Yesterday, the New York Times ran an editorial criticizing Senate Republicans for preemptively and hypocritically threatening to filibuster President Obama’s judicial nominees if they are not consulted and approve of any nominees before they are made.
Predictably, Ed Whelan doesn’t like it:
1. The editorial contends that Republican senators are now “threatening … filibusters if Mr. Obama’s nominees are not to their liking”, and it alleges that this threat is “at odds with their previous views on the subject.” But the Republican senators’ letter does not threaten filibusters for the purpose of defeating judicial nominees “not to their liking”. It threatens a filibuster if Democrats trample the traditional blue-slip privilege.
2. As to the blue-slip privilege: The editorial states that Judiciary Committee chairman Patrick Leahy “must decide whether to follow the Senate’s ‘blue slip’ tradition, which holds that judicial nominees should not move forward without their home-state senators’ support.” Two sentences later, it asserts that “Republicans abandoned them [blue slips] when they controlled the Senate under Mr.

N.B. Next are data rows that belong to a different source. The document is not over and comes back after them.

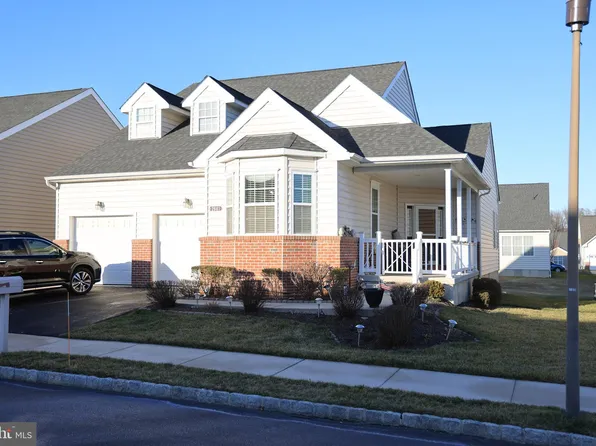 2681 Honeysuckle Ln, Philadelphia, PA 19116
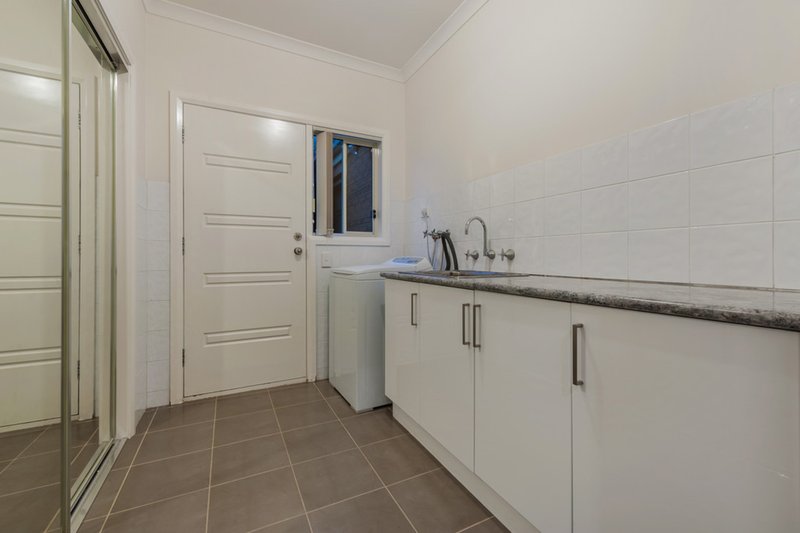 Photo - 14 Thomas Street, Roxburgh Park VIC 3064 - Image 13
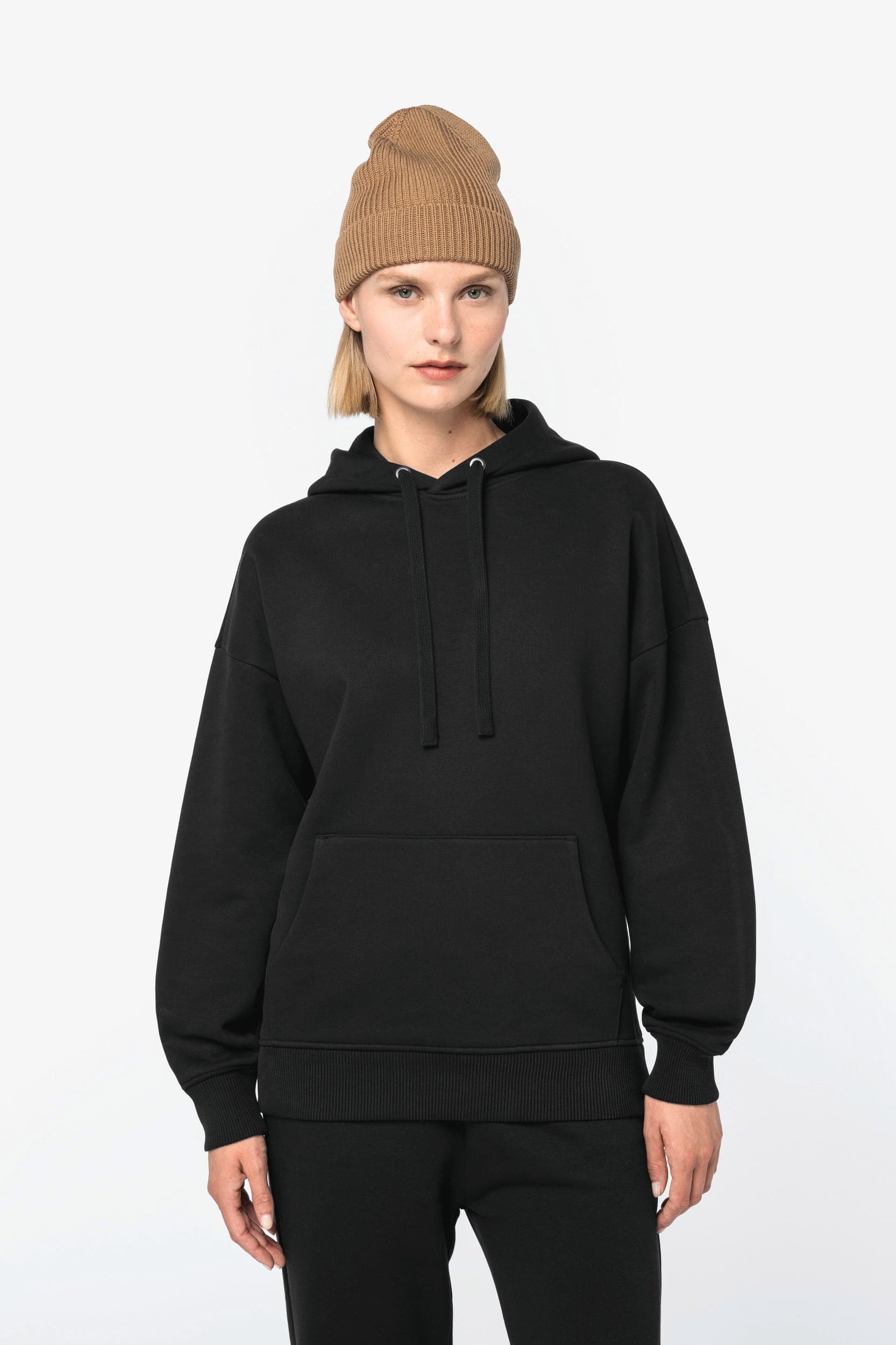 Sweat-shirt écoresponsable à capuche oversize unisexe en situation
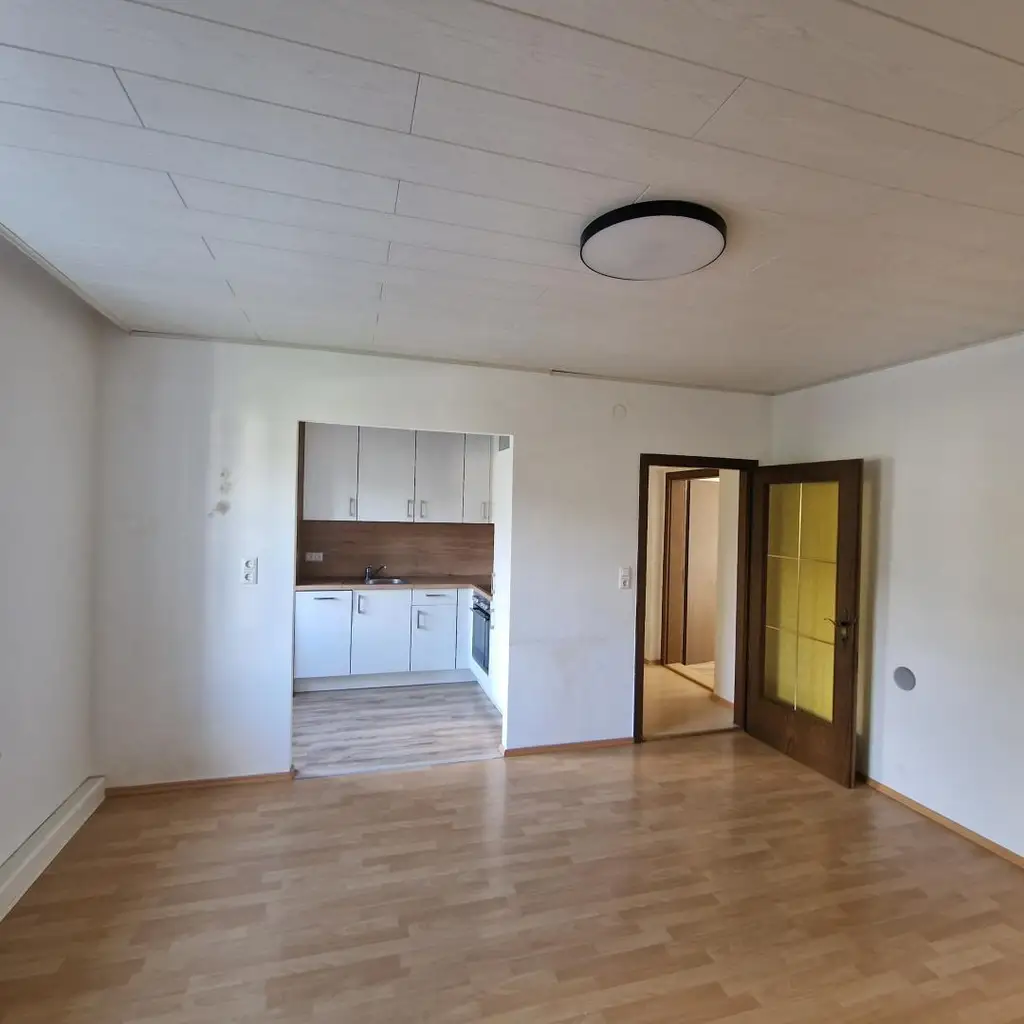 4-Zimmer-Wohnung im 1. Stock! Gartenmitbenützung! 1 Monat mietzinsfrei!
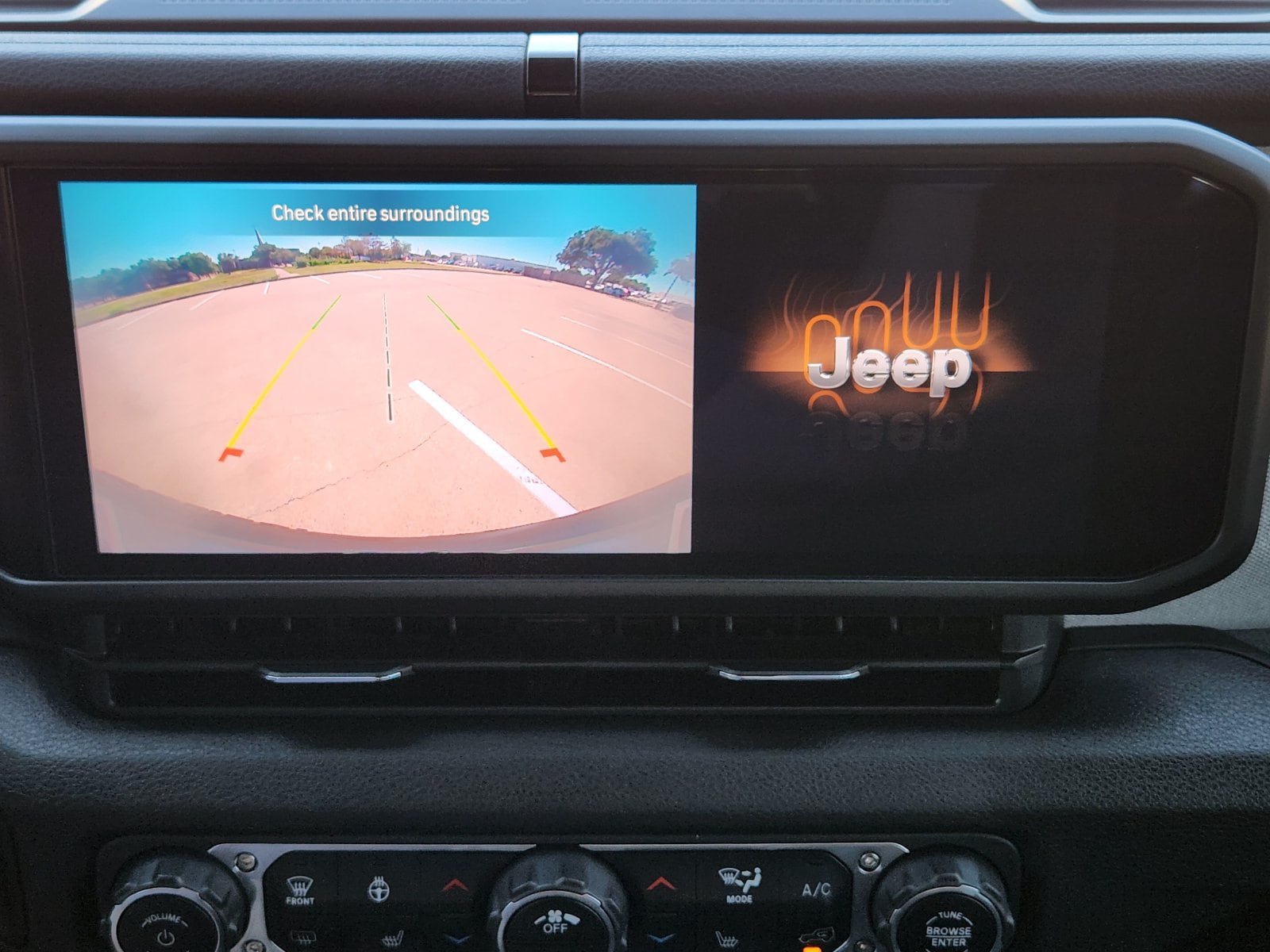 Used 2024 Jeep Wrangler Unlimited w/ Convenience Group AWD/4WD image 26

Bush.” That assertion is a fantasy, an ignorant statement, or an outright lie. All that Senate Republicans are seeking is maintenance of the same blue-slip practice that they afforded Democrats under President Bush. There is nothing that Leahy “must decide”—unless he wants to trample the blue-slip privilege.
Let’s take these points one at a time.
Point 1: Whelan says that the Republicans are not threatening to filibuster only if “the traditional blue-slip privilege” is not observed. Of course, if this letter were really about “blue-slip privileges” it should have been sent to Senate Judiciary Chairman Patrick Leahy who is in charge of determining the committee’s blue-slip policy, rather than President Obama. The letter instead was sent to Obama and it makes no mention of blue-slip policy at all. What it does make is a demand to be consulted on nominations and a threat to prevent them from moving forward if they are not:
We hope your Administration will consult with us as it considers possible nominations to the federal courts from our states. Regretfully, if we are not consulted on, and approve of, a nominee from our states, the Republican Conference will be unable to support moving forward on that nominee.
Let's be clear, this has less to do with blue-slip policy than it does with the Republicans' very clear threat to filibuster any judicial nominee of whom they do not approve which, as we pointed out before, is a position that is diametrically opposed to the one they held when George W. Bush was in office regarding the Senate’s role in the confirmation process.
In addition, as this Congressional Research Service report [PDF] from last year explains, Senators from the opposition party have traditionally had little influence over the judicial selection process itself and have exercised their power primarily through the use of the blue-slip.
Which brings us to Point 2: Whelan asserts that the claim that Republicans ignored the blue-slip policy under President Bush is “a fantasy, an ignorant statement, or an outright lie” and that “all that Senate Republicans are seeking is maintenance of the same blue-slip practice that they afforded Democrats under President Bush.”
What practice would that be? The one Sen. Hatch had of ignoring the blue-slip policy altogether when it served the GOP’s interests, according to the Congressional Research Service?
The Kuhl nomination appears to represent a significant change in the blue slip policies between Chairman Leahy in the 107th Congress and Chairman Hatch in the 108th Congress. During the 107th Congress, Chairman Leahy required both blue slips to be returned, which meant that no action was taken on Kuhl’s nomination. Without the return of California Senator Barbara Boxer’s (D) blue slip, Senator Leahy had declined to advance the Kuhl nomination in the 107th Congress. However, in the 108th Congress, even without Senator Boxer returning her blue slip, Chairman Hatch held a hearing.
Also in the 108th Congress, shortly before the 2003 August recess, Chairman Hatch held a hearing for Henry Saad of Michigan to be U.S. Circuit Court judge for the Sixth Circuit. Chairman Hatch moved forward with the Saad nomination despite the objection of Michigan Senators Carl Levin and Debbie Stabenow. This marked the first reported instance that a nomination with two negative blue slips has had any committee action since 1985 and only the second known case in committee history. Senators Levin and Stabenow had returned negative blue slips on March 19, 2003.
Is that the sort of treatment Senate Republicans are demanding? If so, I am sure the Democrats will be happy to acquiesce.
There is simply no way to believe that Senate Republicans are demanding that they receive the same treatment they accorded to Democrats when President Bush was in the White House and the GOP controlled the Senate as they know full-well that Democratic input in the process was all-but-non-existent. They would be, in essence, asking to be marginalized, ignored and steam-rolled.
In short, the letter the Senate Republicans sent to President Obama is not about the arcane minutia of the blue-slip policy. It is, rather, a sign that, far from playing the role they demanded of Democrats under President Bush, they want to assert their power to obstruct the nominations of President Obama as much as humanly possible.